Assume that if GiveWell didn’t do the research, TLYCS wouldn’t have raised the $10, and vice versa.
If you’re a donor working out where to give, how should you approach the situation?
If you consider funding TLYCS with GiveWell held fixed, then you can spend $6 to raise $10, which is worth doing. But if you consider funding GiveWell+TLYCS together, then you can spend $12 to raise $10, which is not worth doing.
It seems like the solution is that the donor needs to think very carefully about which margin they’re operating at. Here are a couple of options:
A) If GiveWell will definitely do the research whatever happens, then you ought to give. B) Maybe GiveWell won’t do the research if they don’t think anyone will promote it, so the two orgs are coupled, and that means you shouldn’t fund either. (Funding TLYCS causes GiveWell to raise more, which is bad in this case) C) If you’re a large donor who is able to cover both funding gaps, then you should consider the value of funding the sum, rather than each org individually.
It seems true that donors don’t often consider situations like (B), which might be a mistake. Though sometimes they do—e.g. GiveWell considers the costs of malaria net distribution incurred by other actors.
Likewise, it seems like donors often don’t consider situations like (C). e.g. If there are enough interactions, maybe the EA Funds should calculate the cost-effectiveness of a portfolio of EA orgs, rather than estimate the ratios for each individual org.
On the other hand, I don’t think these cases where two orgs are both 100% necessary for 100% of the impact are actually that common. In practice, if GiveWell didn’t exist, TLYCS would do something else with the $6, which would mean they raise somewhat less than $10; and vice versa. So, the two impacts are fairly unlikely to add up to much more than $12.
In case B, it looks to me like the donor should give to TLYCS, in certain conditions, in others not.

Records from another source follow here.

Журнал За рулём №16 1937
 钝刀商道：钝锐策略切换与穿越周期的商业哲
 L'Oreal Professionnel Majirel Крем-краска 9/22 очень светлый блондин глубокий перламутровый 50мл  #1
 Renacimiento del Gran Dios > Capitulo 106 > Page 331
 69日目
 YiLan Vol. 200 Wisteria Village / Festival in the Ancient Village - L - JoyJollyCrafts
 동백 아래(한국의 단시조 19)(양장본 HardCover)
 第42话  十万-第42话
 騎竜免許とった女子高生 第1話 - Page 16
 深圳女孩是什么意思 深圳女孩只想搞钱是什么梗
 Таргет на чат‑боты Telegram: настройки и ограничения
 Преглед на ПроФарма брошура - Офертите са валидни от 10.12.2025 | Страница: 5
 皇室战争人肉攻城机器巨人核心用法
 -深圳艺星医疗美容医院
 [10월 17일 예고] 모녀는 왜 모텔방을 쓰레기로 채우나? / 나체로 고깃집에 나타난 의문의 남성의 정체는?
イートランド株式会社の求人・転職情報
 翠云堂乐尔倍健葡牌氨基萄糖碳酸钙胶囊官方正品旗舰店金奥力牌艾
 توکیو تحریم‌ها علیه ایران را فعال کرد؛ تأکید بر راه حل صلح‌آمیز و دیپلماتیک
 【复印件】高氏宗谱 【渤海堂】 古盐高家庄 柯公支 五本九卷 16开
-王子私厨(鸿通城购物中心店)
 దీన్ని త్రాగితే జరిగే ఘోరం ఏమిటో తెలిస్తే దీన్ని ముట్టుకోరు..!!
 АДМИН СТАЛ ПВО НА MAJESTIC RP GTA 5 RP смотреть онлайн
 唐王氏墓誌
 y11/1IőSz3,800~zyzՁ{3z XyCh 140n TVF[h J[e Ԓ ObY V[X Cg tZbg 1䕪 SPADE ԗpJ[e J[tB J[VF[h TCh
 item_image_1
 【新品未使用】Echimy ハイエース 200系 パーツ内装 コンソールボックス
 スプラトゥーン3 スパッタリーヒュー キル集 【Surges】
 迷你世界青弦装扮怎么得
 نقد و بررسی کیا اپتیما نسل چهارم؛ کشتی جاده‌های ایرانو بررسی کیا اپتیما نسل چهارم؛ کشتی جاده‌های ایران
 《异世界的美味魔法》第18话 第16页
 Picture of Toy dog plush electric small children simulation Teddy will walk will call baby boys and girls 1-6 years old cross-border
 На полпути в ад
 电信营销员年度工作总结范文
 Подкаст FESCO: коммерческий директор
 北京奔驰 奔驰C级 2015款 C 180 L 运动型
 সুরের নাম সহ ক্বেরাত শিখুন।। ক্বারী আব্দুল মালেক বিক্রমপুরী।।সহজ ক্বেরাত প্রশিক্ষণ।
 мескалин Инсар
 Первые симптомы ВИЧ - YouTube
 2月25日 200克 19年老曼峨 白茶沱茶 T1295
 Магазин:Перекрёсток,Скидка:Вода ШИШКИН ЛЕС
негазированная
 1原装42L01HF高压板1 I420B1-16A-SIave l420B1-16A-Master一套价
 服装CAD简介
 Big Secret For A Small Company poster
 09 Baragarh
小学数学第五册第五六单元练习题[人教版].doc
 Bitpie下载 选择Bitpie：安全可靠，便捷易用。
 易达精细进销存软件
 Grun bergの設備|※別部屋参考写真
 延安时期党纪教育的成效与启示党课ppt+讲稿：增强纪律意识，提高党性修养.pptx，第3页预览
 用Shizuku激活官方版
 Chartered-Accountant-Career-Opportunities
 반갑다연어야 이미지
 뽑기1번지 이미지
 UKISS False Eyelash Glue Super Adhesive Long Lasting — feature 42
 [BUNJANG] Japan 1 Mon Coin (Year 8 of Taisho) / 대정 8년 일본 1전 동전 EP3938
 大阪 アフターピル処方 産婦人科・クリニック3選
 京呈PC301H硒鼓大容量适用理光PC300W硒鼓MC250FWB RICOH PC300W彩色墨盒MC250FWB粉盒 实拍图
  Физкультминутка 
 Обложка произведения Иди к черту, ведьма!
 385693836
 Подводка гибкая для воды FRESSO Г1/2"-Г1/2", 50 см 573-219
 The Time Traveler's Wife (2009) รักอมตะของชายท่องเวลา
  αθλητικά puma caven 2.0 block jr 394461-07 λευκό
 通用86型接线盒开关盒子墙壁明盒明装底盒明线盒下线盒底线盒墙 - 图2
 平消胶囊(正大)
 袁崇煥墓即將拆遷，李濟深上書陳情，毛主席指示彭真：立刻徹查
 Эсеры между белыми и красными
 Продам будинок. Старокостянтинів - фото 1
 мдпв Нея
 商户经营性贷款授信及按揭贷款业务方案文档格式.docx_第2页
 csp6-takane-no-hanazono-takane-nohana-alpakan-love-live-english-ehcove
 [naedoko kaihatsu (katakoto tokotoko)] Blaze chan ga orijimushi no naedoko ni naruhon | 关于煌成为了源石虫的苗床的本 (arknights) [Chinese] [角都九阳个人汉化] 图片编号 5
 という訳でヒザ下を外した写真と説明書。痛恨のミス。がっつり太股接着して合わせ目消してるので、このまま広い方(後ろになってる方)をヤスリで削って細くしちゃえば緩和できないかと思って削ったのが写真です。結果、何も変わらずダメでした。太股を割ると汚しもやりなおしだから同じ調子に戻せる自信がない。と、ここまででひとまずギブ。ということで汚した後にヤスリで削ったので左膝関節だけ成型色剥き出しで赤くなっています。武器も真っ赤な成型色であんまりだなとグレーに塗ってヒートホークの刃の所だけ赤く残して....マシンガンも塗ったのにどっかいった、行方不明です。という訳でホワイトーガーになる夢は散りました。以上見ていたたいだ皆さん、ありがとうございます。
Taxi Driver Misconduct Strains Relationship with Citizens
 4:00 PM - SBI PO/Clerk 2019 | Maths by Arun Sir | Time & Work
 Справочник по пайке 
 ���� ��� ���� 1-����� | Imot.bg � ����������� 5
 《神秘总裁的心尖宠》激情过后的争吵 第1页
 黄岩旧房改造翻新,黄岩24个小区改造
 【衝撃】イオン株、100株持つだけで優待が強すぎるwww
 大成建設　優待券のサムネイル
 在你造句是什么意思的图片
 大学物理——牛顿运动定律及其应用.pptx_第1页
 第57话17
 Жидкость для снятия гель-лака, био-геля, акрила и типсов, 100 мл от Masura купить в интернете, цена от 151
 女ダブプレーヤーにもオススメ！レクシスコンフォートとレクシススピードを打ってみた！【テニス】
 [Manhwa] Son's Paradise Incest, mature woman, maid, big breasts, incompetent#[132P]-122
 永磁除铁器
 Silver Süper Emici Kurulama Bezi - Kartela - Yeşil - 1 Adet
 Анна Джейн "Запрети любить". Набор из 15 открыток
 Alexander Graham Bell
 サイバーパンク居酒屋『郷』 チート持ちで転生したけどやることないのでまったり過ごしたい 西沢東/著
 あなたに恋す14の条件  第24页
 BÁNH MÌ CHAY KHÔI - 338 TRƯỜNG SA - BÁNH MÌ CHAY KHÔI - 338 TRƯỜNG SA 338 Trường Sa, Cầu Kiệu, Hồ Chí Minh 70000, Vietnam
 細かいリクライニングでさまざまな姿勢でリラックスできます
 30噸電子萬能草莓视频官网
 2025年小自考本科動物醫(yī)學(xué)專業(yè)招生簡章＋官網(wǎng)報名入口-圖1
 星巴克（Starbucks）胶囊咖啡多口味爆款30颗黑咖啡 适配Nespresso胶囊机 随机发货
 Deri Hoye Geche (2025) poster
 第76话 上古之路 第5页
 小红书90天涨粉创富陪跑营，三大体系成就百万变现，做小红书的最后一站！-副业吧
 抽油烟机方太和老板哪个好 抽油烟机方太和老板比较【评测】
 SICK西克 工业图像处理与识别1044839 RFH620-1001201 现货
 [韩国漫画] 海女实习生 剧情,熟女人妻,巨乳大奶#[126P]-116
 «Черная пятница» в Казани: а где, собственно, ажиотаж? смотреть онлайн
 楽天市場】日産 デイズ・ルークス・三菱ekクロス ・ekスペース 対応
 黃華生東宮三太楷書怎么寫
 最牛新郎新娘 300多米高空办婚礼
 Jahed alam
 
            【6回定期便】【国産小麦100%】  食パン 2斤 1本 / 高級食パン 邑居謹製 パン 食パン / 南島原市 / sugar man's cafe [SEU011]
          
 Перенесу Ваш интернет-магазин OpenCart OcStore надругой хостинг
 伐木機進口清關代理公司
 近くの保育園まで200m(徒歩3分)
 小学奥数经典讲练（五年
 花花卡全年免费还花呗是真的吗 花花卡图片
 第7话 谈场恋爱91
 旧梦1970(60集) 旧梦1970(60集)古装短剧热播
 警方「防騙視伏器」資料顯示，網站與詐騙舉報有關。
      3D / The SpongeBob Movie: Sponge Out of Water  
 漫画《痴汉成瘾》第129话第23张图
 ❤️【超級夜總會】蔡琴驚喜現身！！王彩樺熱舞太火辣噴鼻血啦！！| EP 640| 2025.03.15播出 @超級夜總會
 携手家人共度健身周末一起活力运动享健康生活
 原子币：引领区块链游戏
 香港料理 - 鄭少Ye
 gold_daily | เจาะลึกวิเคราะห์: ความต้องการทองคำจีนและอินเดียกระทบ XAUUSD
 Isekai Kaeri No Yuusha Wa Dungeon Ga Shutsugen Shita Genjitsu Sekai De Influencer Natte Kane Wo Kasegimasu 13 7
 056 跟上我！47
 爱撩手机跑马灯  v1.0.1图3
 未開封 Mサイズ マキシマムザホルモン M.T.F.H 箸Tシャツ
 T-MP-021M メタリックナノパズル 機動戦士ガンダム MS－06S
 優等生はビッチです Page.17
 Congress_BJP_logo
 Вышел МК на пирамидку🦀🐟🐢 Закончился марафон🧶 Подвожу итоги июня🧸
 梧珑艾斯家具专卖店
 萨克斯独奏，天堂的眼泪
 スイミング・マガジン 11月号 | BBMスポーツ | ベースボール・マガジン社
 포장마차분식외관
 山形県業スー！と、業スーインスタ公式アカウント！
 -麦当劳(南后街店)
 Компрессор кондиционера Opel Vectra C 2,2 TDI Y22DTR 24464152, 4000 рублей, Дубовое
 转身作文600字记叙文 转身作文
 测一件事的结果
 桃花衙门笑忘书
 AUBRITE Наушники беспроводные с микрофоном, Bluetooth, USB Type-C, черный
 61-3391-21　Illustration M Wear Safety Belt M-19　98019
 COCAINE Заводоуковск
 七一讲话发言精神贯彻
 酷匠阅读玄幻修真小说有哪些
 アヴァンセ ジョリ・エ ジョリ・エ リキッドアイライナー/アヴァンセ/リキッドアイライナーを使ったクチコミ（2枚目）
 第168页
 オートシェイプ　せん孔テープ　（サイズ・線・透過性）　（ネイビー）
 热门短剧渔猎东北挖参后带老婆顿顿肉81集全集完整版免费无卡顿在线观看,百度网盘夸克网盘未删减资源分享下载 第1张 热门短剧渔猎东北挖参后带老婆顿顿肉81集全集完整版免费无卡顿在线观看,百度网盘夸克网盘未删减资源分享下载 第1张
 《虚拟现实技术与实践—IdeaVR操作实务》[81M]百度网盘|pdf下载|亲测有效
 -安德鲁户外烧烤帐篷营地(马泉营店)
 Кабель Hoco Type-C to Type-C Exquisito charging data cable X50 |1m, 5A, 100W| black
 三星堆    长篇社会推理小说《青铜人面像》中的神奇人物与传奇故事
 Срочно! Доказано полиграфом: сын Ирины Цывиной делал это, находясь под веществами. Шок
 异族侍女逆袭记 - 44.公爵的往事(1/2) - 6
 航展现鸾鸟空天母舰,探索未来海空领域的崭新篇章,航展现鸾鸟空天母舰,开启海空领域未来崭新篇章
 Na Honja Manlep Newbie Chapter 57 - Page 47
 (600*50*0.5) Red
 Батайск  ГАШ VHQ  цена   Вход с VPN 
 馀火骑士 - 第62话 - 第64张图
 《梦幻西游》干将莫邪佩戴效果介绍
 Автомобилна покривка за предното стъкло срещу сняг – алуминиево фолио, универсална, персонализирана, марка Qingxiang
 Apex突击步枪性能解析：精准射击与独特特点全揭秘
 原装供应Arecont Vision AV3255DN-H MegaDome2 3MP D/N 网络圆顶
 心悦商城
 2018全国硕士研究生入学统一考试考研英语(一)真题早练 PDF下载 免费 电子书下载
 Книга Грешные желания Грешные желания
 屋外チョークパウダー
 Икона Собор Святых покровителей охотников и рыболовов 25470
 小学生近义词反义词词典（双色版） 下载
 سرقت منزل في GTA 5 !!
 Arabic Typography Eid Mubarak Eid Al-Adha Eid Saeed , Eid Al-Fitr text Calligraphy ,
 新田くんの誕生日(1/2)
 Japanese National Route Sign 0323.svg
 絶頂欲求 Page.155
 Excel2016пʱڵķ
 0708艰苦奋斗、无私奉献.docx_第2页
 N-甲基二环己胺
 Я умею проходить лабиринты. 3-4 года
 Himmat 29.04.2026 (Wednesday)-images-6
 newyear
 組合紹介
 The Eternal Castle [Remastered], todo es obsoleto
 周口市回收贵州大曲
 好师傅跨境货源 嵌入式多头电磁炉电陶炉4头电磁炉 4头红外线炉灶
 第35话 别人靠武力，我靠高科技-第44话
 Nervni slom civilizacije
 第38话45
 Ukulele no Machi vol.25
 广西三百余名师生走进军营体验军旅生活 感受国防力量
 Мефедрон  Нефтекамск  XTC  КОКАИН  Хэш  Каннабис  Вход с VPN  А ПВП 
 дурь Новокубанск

(a) Suppose: Because you gave to TLYCS, GiveWell does the research at a cost of $6, fundraising from an otherwise ineffective donor, and getting $10 to GW charities. In this case, your $6 has raised $10 for effective charities minus the $6 from an otherwise ineffective donor (~0 value). So, I don’t think causing GW to fundraise further would be bad in this case. Coordinating with GW to just get them to fundraise for donations to their effective charities is even better in this case, but donating to TLYCS is better than doing nothing.
(b) Suppose: Same as before, except GW fundraises from an effective donor who would otherwise have given the $6 to GW charities. In this case, giving to TLYCS is worse than doing nothing because you have spent $6 getting $10 to GW charities, minus what the effective donor would have given to had you not acted (-$6 to GW charities), so you’ve spent $6 getting $4 to effective charities. Doing nothing would be better, as then $6 goes to effective charities.
This shows that the counterfactual impact of funged/leveraged donations needs to be considered carefully. GiveWell is starting to do this—e.g. if govt money is leveraged or funged they try to estimate the cost-effectiveness of govt money. Outside that, this is probably something EA donors should take more account of.
Another case that should be considered is causing irrational prioritisation with a given amount of funds. Imagine case (a) above except that instead of fundraising, GiveWell moves money from another research project with a counterfactual value of $9 to GW charities because they have not considering these coordination effects (they reason that $10>$9). In that case, you’re spending $6 to get $10 to GW charities minus the $9 that would have gone to GW charities.
Regarding C, this seems right. It would be a mistake for the EA funds to add up its impact as the sum of the impact of each of the individual grants it has made.